:: Recorded data ::

========

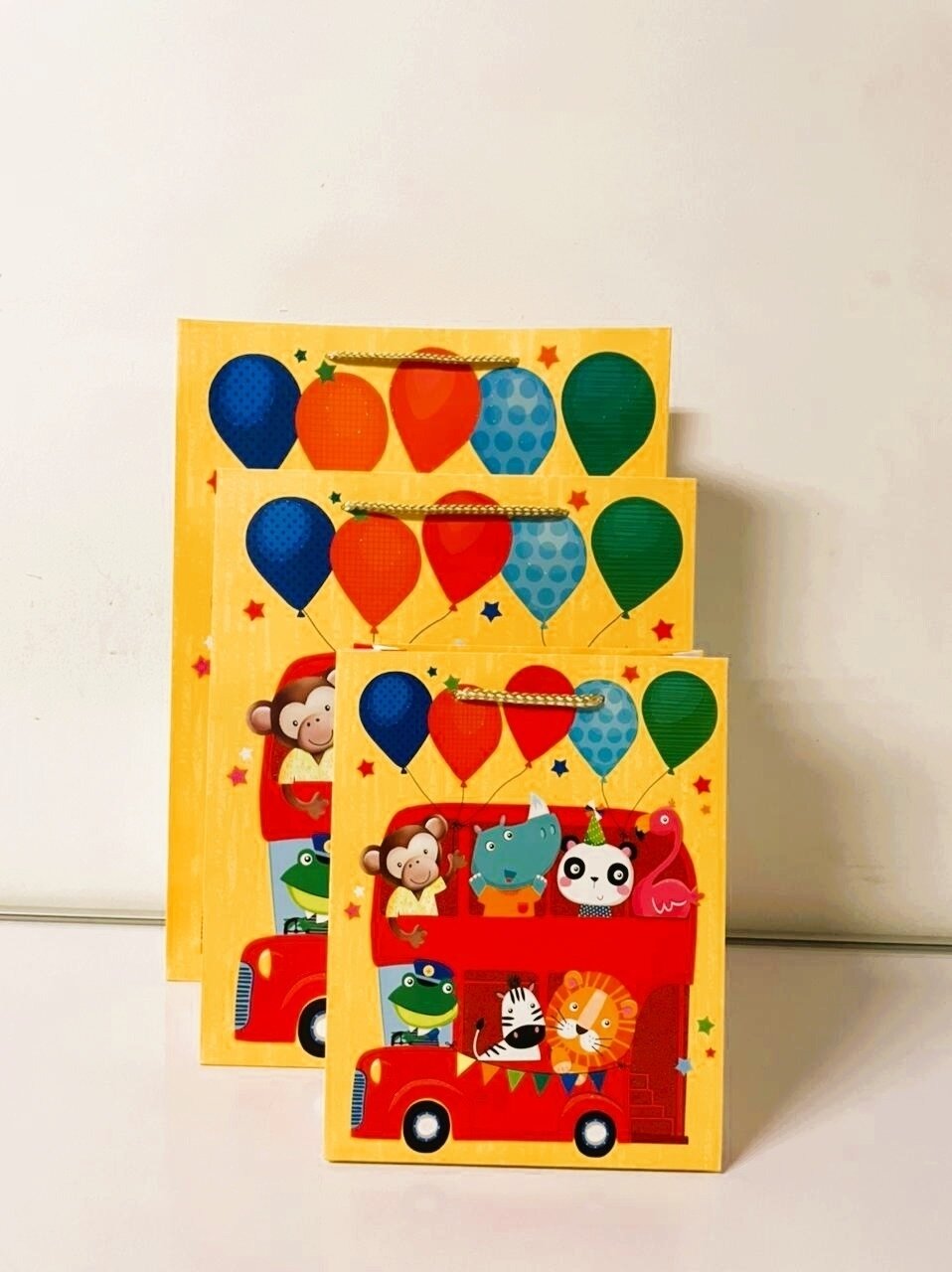 Animals Red Bus Small Gift BagPK3 (R10.50 Each)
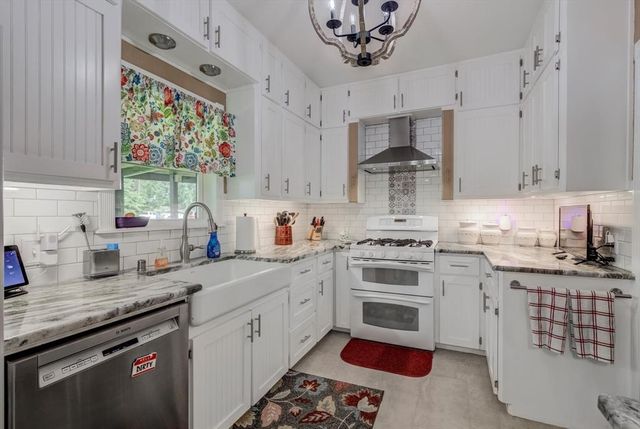 406 Virginia Street, Brazoria, TX 77422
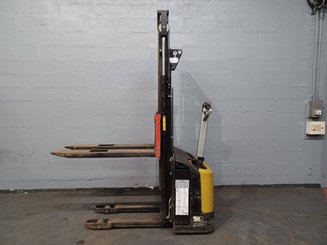 Hochhubwagen mit Deichsel Caterpillar NSP12N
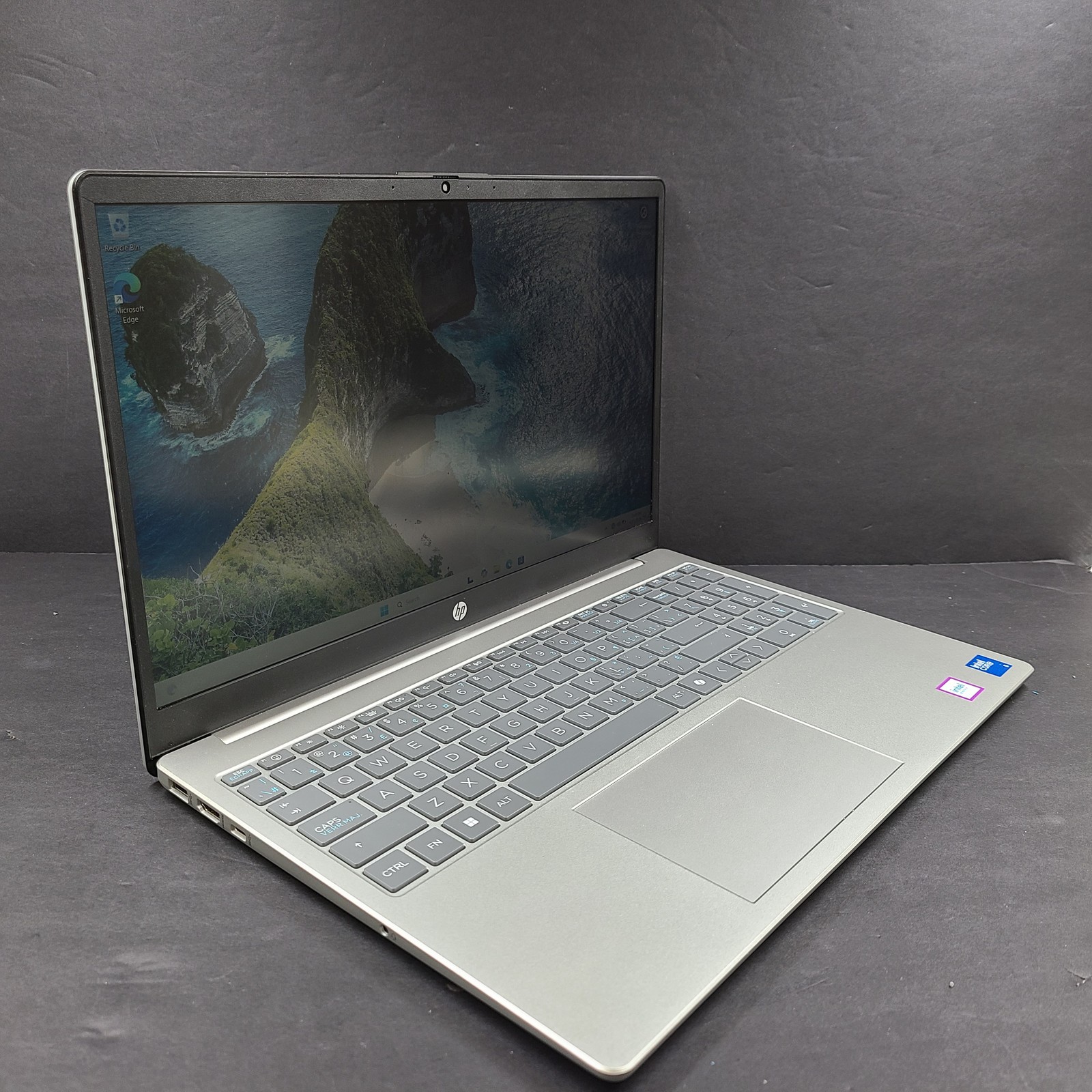 HP Laptop 15-fd0047 14″ Intel Core 5 120U CPU @ 1.40 GHz 512GB SSD 16GB RAM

========

:: Exercise goal ::
Output only these lines, word for word: the line containing "406 Virginia Street, Brazoria, TX 77422" and every line after it through the last line of the data. Omit the pictures.

:: Answer to this problem ::
 406 Virginia Street, Brazoria, TX 77422
 Hochhubwagen mit Deichsel Caterpillar NSP12N
 HP Laptop 15-fd0047 14″ Intel Core 5 120U CPU @ 1.40 GHz 512GB SSD 16GB RAM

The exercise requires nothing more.